++++ DATA FOR THE TASK ++++

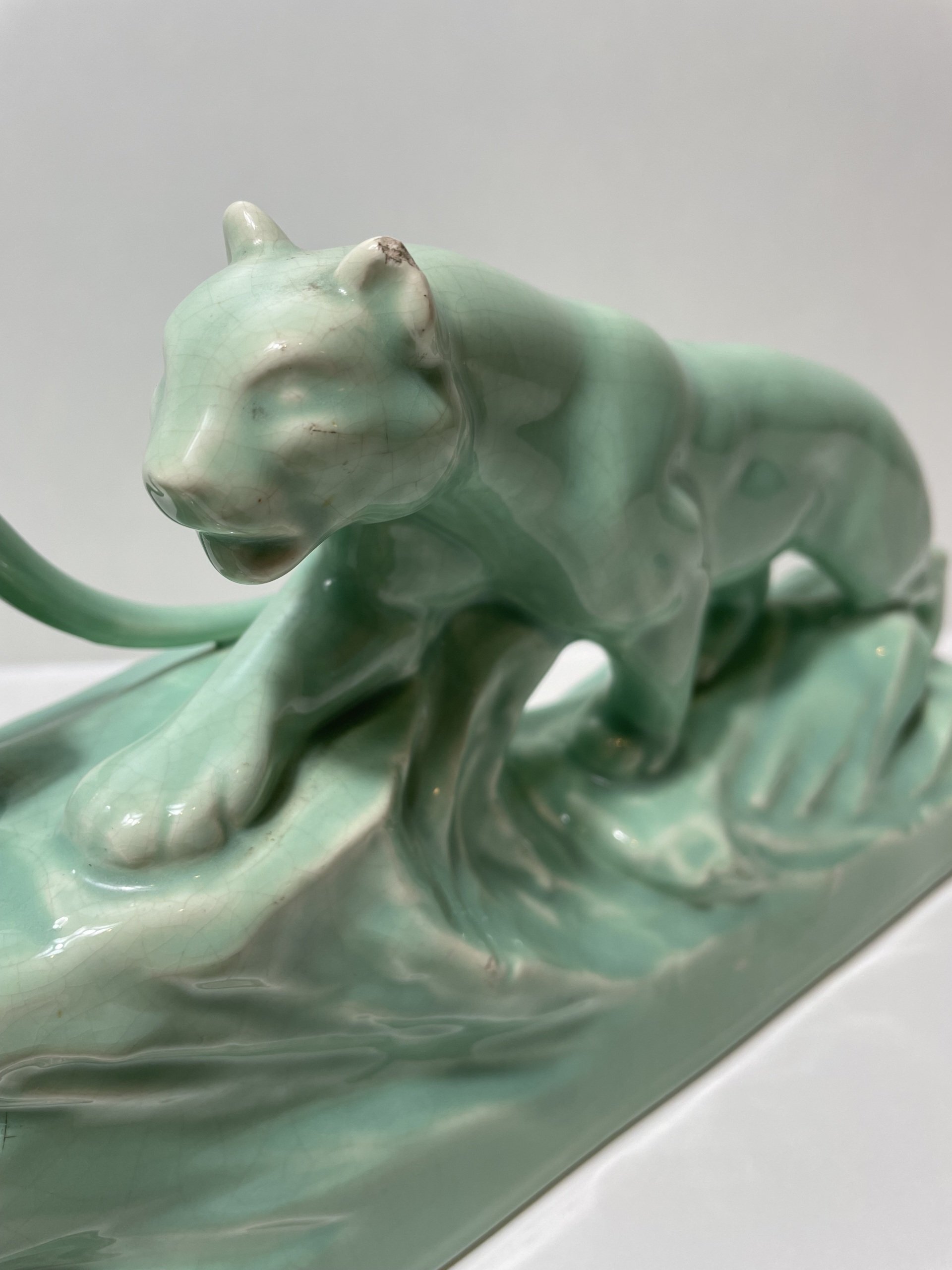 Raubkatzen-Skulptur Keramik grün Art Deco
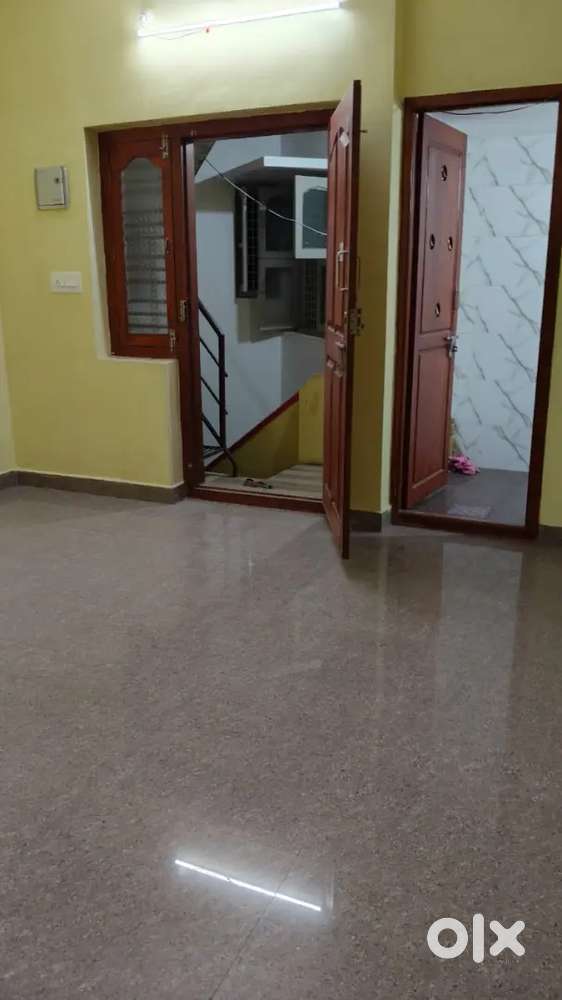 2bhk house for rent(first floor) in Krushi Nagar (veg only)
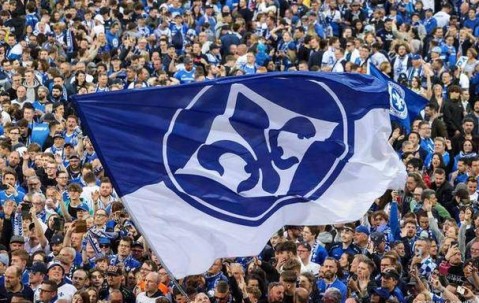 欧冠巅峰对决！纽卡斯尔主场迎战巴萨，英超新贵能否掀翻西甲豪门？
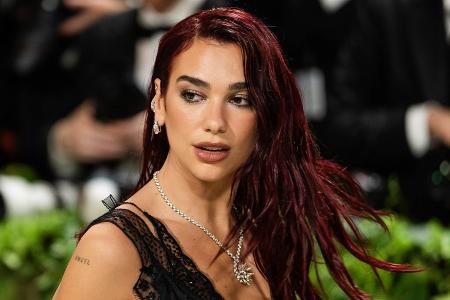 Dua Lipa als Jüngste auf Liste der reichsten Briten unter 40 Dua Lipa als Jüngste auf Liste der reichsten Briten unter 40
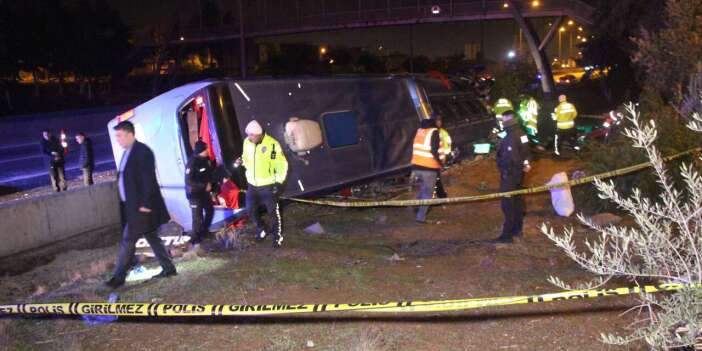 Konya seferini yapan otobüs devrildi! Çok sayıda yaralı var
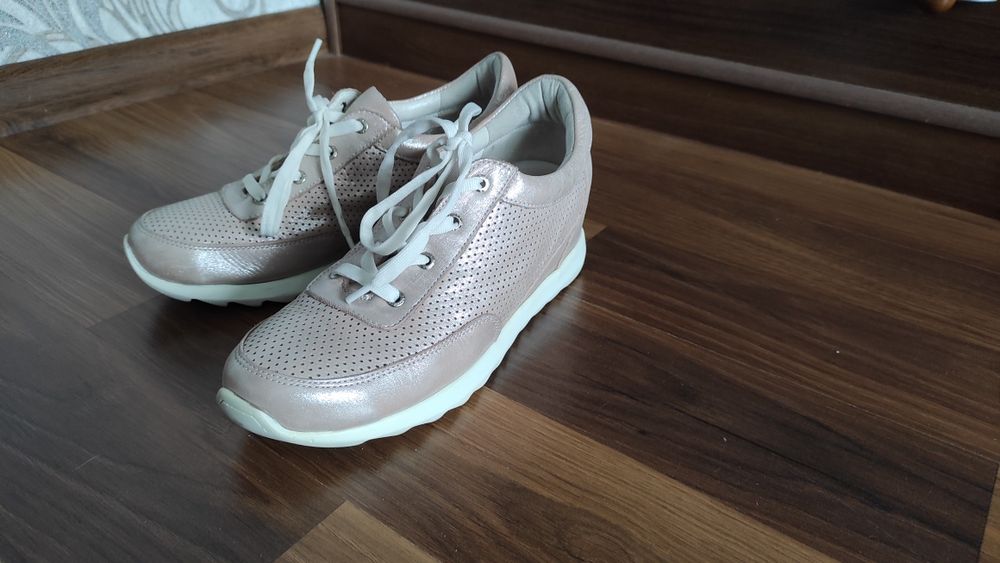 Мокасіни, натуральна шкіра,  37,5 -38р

++++

▶ **WHAT IS EXPECTED**
Exact lines, nothing more: output the one with "Konya seferini yapan" and every later line through the end of the data, skipping pictures.

▶ **SOLUTION FOR THIS TASK**
 Konya seferini yapan otobüs devrildi! Çok sayıda yaralı var
 Мокасіни, натуральна шкіра,  37,5 -38р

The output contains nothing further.